The good news is that after the opening of the Narela RoB-cum-flyover there has been somewhat smooth connectivity between the densely populated Narela and Bawana. Earlier, there used to be traffic congestion in the area as the railway crossing was a bottleneck on the way.
Narela is also isn’t well developed, and, as mentioned earlier, has poor infrastructure and services.
No wonder Narela, which was earlier renowned for its red chilly crops, big orchards and ponds, has nowadays earned the nickname of a ‘ghost town’. The ‘sub-city’ looks rather well-planned on the face of it — broad roads, green open spaces, and lovely parks.

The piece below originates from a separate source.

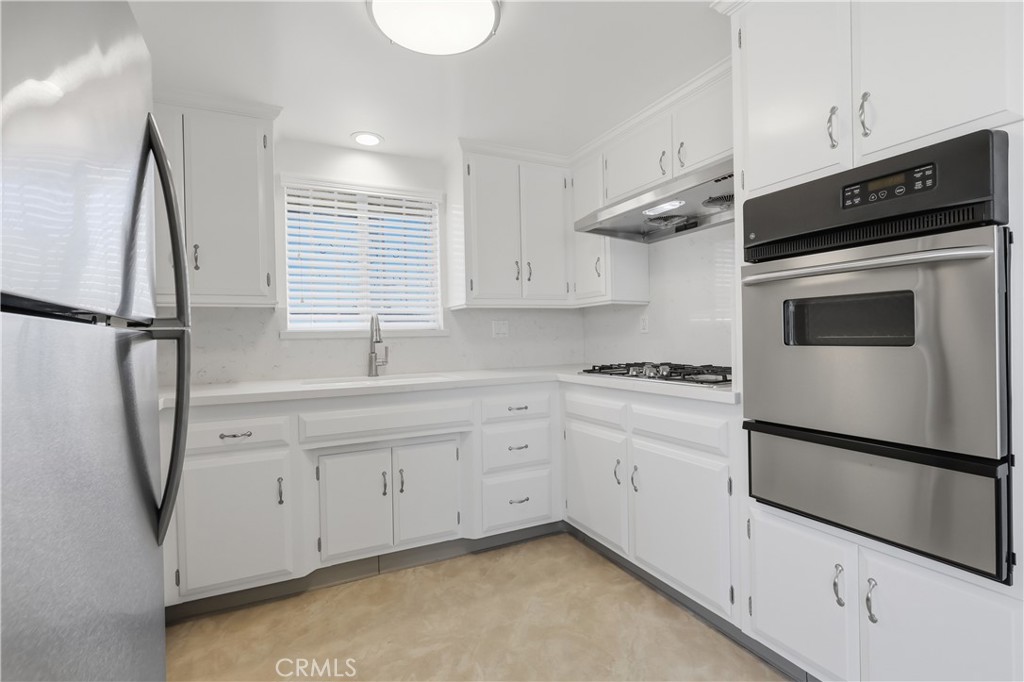 841 W 25th Street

Still, majority of the people who shifted to the place inform that life in Narela isn’t something to feel happy about.
Almost not a single thing is right with the sub-city of Narela. Urgent action is needed to make some drastic changes in DDA’s and the concerned civic bodies’ approach to inject life in the ‘ghost city’ of Narela and make it at par--if not better--than Delhi’s other sub-cities, i.e., Dwarka and Rohini—the well-known sub-cities of Delhi which are doing very well and which have emerged as favourite residential and commercial places for the people of the capital.